The method of Ramsay yields measures of net transepithelial volume transport that includes secretory and absorptive fluxes. Accordingly, a decrease in secretory flow rate can reflect the inhibition of a secretory flux and/or the stimulation of an absorptive flux. Since the blind (distal) end of Malpighian tubules initiates the formation of urine by tubular secretion, we interpret changes in secretion rates to reflect primarily changes in secretory transport activity.
Electron probe analysis of secretions
The concentrations of Na+, K+ and Cl– in secreted fluid were measured by electron probe analysis as previously described (Williams and Beyenbach, 1983). In brief, picoliter volumes of (1) fluid secreted by tubules in the Ramsay assay, (2) standard solutions of Na+, K+ and Cl– and (3) the peritubular Ringer solution were transferred in quintuplets onto the polished surface of a beryllium block. Unknown, standard and Ringer samples were then dehydrated and irradiated with a beam current of 50 nA in a JEOL 8900 (Tokyo, Japan) electron microprobe. The X-ray emissions of the Na+, K+ and Cl– present in the standard solutions were used to construct standard curves, against which the unknown Na+, K+ and Cl– concentrations in secreted fluid were read. The X-ray emissions from Ringer solutions served as internal controls. For each measurement we used the mean of five samples.
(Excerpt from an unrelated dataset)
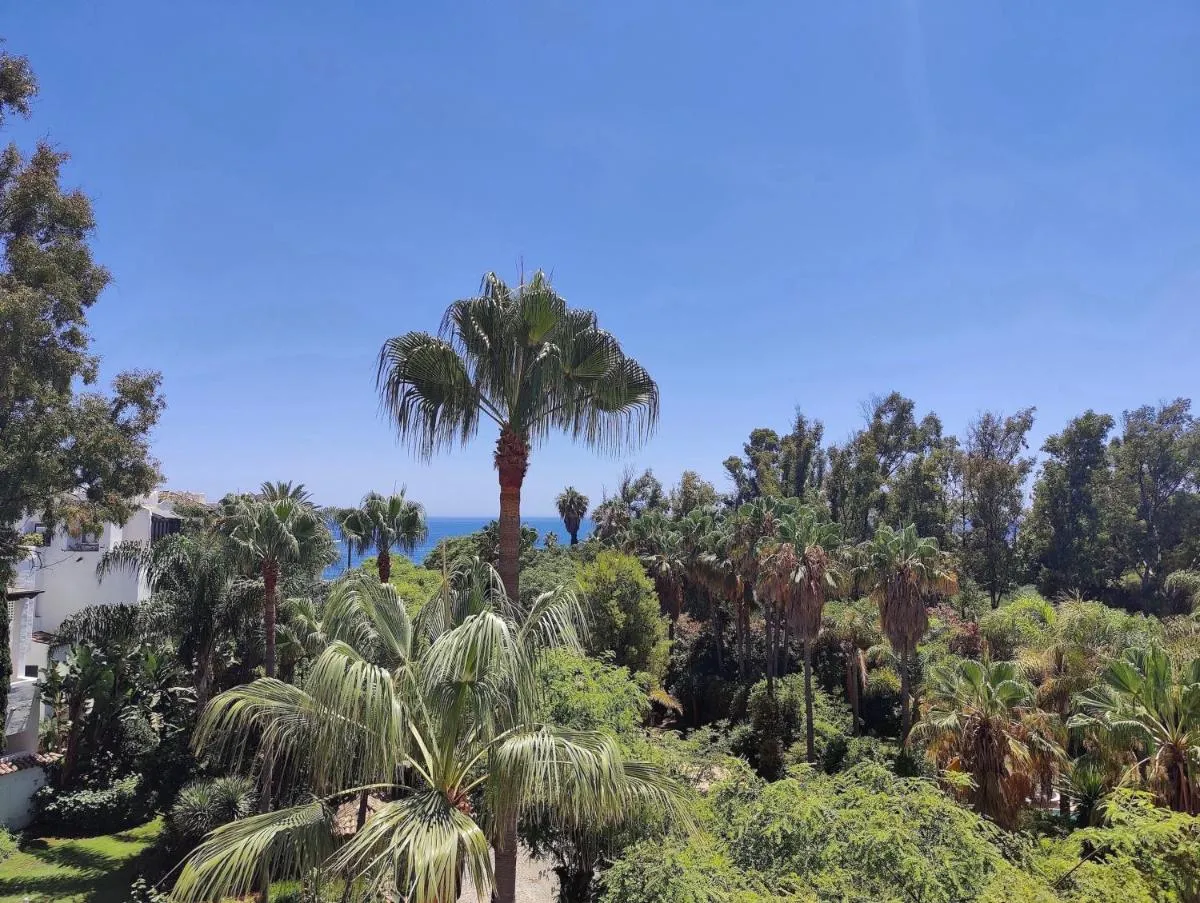 Image 4 of Ventura del Mar duplex Penthouse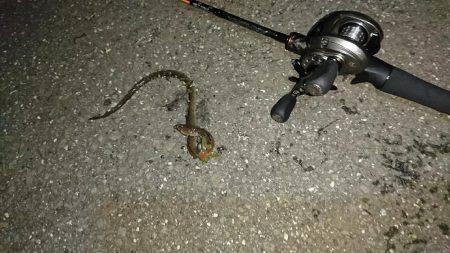 チニングで鰻？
In vitro microperfusion of Malpighian tubules
The method used for measuring transepithelial and membrane voltage and resistance in isolated perfused Malpighian tubules is described in Williams and Beyenbach (1984) and Yu and Beyenbach (2001). Briefly,a 100 μm segment of Malpighian tubule was trimmed open at both ends and suspended between two holding pipettes in a Ringer bath. The tubule lumen was cannulated with a double-barreled perfusion pipette. One barrel of the pipette was used to perfuse the tubule lumen with Ringer solution and to measure the transepithelial voltage Vt with respect to ground in the peritubular Ringer bath. The other barrel was used to inject current(I=50 nA) into the tubule lumen for the measurement of the transepithelial resistance (Rt) by cable analysis(Helman, 1972; Yu and Beyenbach, 2001). The typical experiment began with collecting control data in the presence of normal Ringer solution. Thereafter the peritubular Ringer solution was switched to include Tenmo ADFa or cGMP and experimental data were collected.
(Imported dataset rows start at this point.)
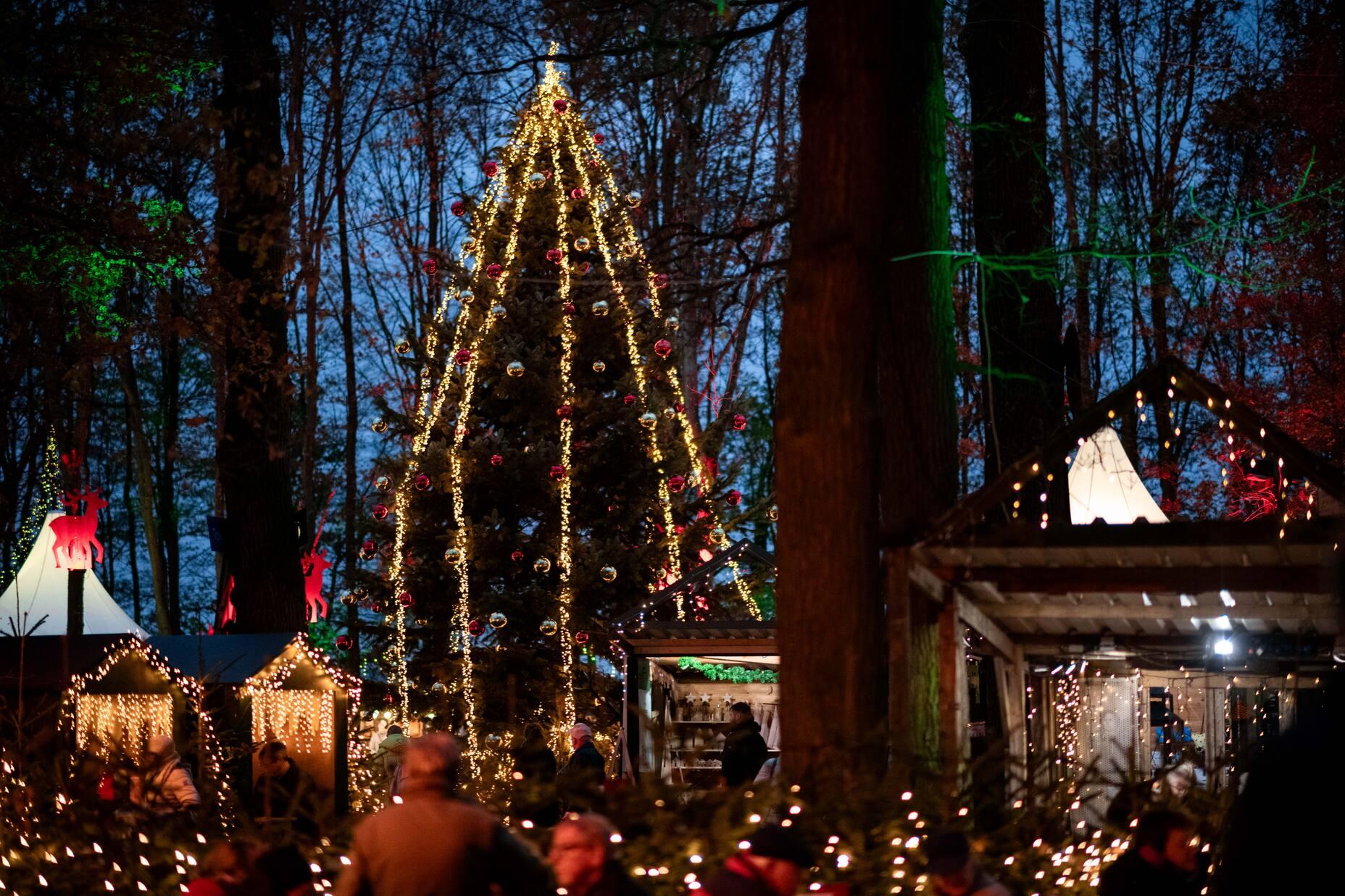 Light splendor and over 1000 fir trees: The Forest Christmas in Velen is a real highlight for romantics.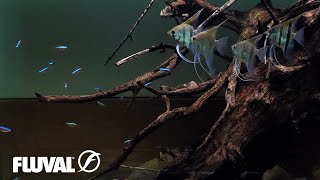 South American Biotope Aquarium  Relaxing Cinematic [upl. by Kahlil]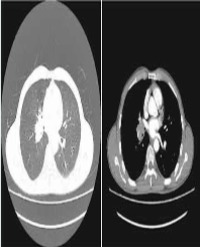 Article Image 1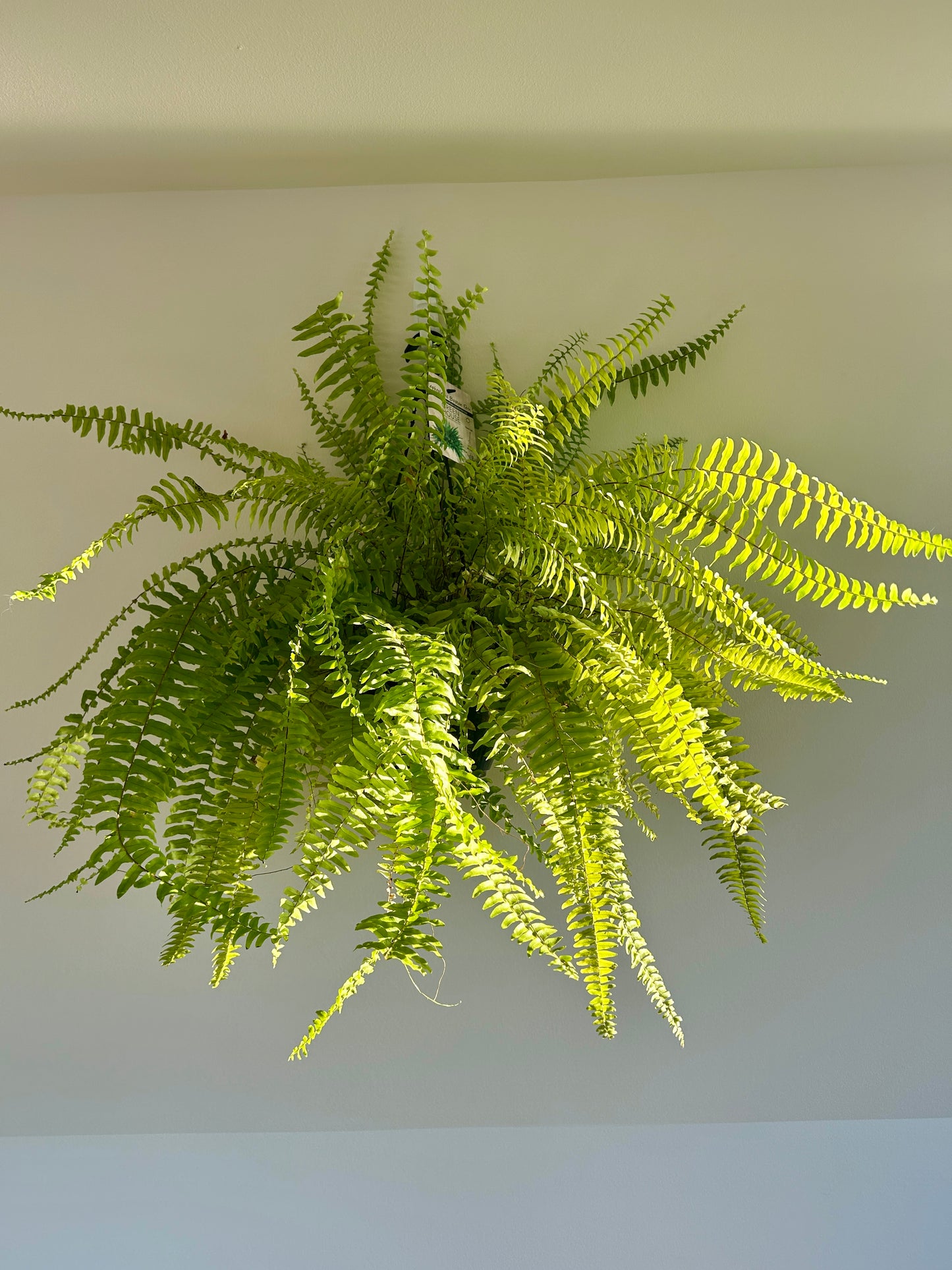 Boston Fern (Nephrolepis Exaltata) Indoor Plant 20cm Boho chic Statement Plant Soft Leaves and Pet Friendly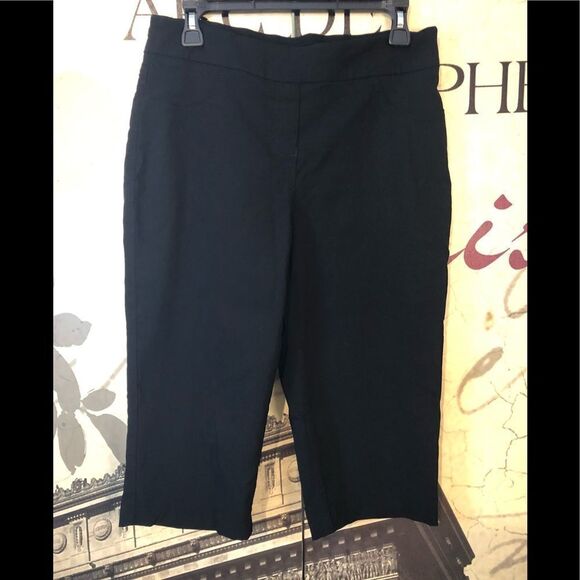 Nice capris pants by Kim Rogers in size 10 - Picture 1 of 2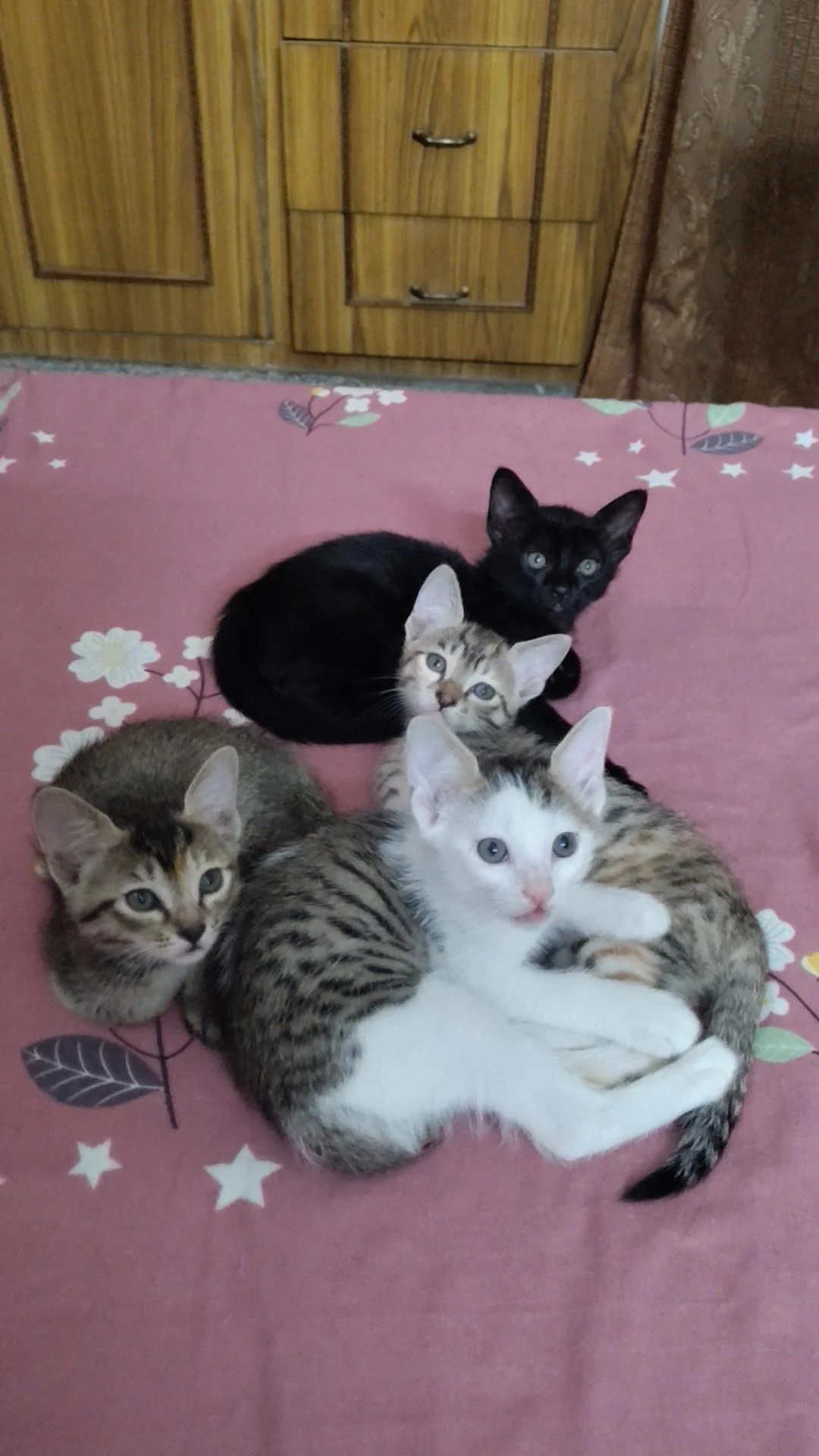 4 kittens in Delhi. Available for ADOPTION. Kindly DM me.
Two-electrode voltage clamp of principal cells
The method of voltage-clamping single principal cells in intact Malpighian tubules is described in Masia et al.(2000). An isolated Malpighian tubule was placed on the bottom of a perfusion bath, and a principal cell was impaled with two conventional microelectrodes filled with 3 mol l–1 KCl (20–30 MΩ). When the basolateral membrane voltage (Vbl) measured by both electrodes were within 5 mV of each other, the experiment was continued. Vbl and the input resistance (Rpc) of principal cells were measured under control conditions and then in the presence of peritubular Tenmo ADFa or cGMP. Rpc was determined in current–voltage plots obtained from five voltage clamp steps in increments of 10 mV on the positive and negative side of the spontaneous Vbl.
Ba2+ is known to block K+ channels in Malpighian tubules of insects (Leyssens et al.,1993; Masia et al.,2000; Nicolson and Isaacson,1987; Weltens et al.,1992). We used Ba2+ in the peritubular Ringer bath to block a major conductive pathway of the basolateral membrane of principal cells in order to uncover small changes in Vbl and Rpc that might be induced by Tenmo ADFa and cGMP.
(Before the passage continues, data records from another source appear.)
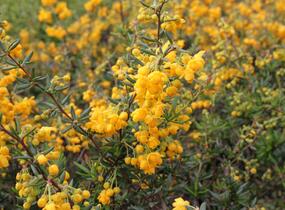 Dřišťál úzkolistý - Berberis stenophylla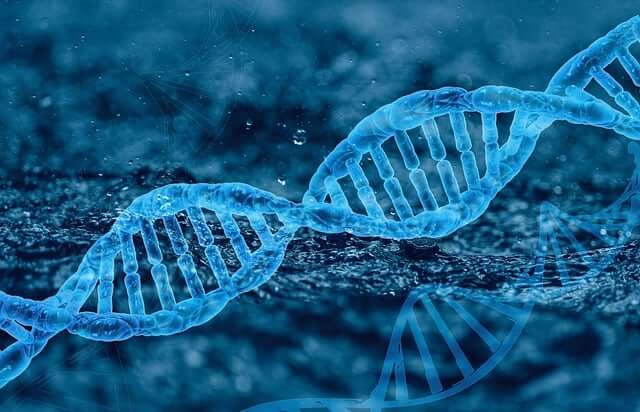 유전자 편집 기술: CRISPR-Cas9의 원리와 응용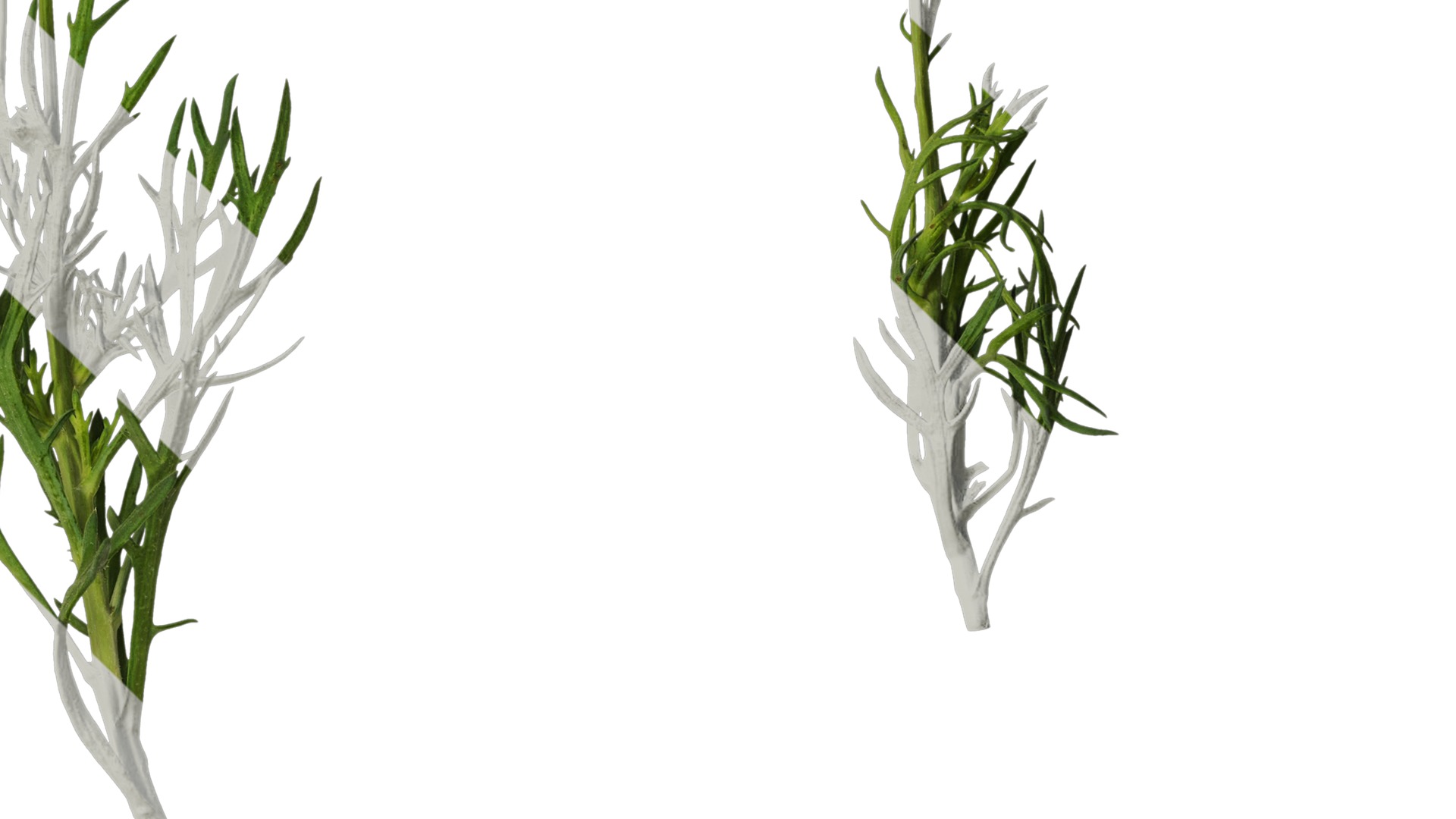 Anydrafts Argyranthemum frutescens Atlas 20 Texture_4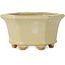 Pot à bonsaï hexagonal blanc cassé de Hattori - 92 x 92 x 48 mm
Intracellular cGMP concentration
The effect of Tenmo ADFa on intracellular cGMP concentration was measured by enzyme immunoassay of cGMP using the cyclic GMP EIA kit from Cayman Chemicals (Ann Arbor, MI, USA). All five tubules were removed from a single cold-anesthetized female mosquito and placed in 25 μl of Ringer solution including 100 μmol l–1 zaprinast, a phosphodiesterase inhibitor. To one set of five tubules 25 μl of Ringer solution was added to serve as control. To another set of five tubules 25 μl of Ringer and 2×10–9 mol l–1 Tenmo ADFa was added. The two sets of tubules were incubated at room temperature for 15 min. Thereafter, 200 μl of ice-cold ethanol was added, and the tubules were sonicated on ice-water for 15 min. After centrifugation at 16 000 g and 4°C for 10 min, 200 μl of the supernatant was removed and evaporated to dryness in a vacuum centrifuge. The residue was subsequently reconstituted in 200 μl of buffer solution (EIA kit) and duplicate or triplicate 50 μl samples transferred into the wells of the kit plate. Cyclic GMP, AChE (acetylcholinesterase) tracer and cyclic GMP EIA antiserum were added. After incubation for 18 h, the plates were developed in Ellman's reagent for 90 min. The absorbance was read at 412 nm(Broderick et al., 2003; Eigenheer et al., 2002; Quinlan et al., 1997).
The cytoplasmic cGMP concentration of Malpighian tubules was measured against cGMP standards ranging from 0.24 to 30.0 pmol l–1. A sigmoidal regression (SigmaPlot V 8.0) provided the best fit, against which the absorbance of unknown cGMP concentrations was read.
Since cGMP was extracted from whole Malpighian tubules, the intracellular cGMP concentration was estimated from the measured amount of cGMP extracted from five Malpighian tubules and the cellular volume of the tubules. The latter was estimated by subtracting the volume of the tubule lumen from the total tubule volume of the typical female Malpighian tubule with the following dimensions: length 3.5 mm, o.d. 100 μm, i.d. 10 μm.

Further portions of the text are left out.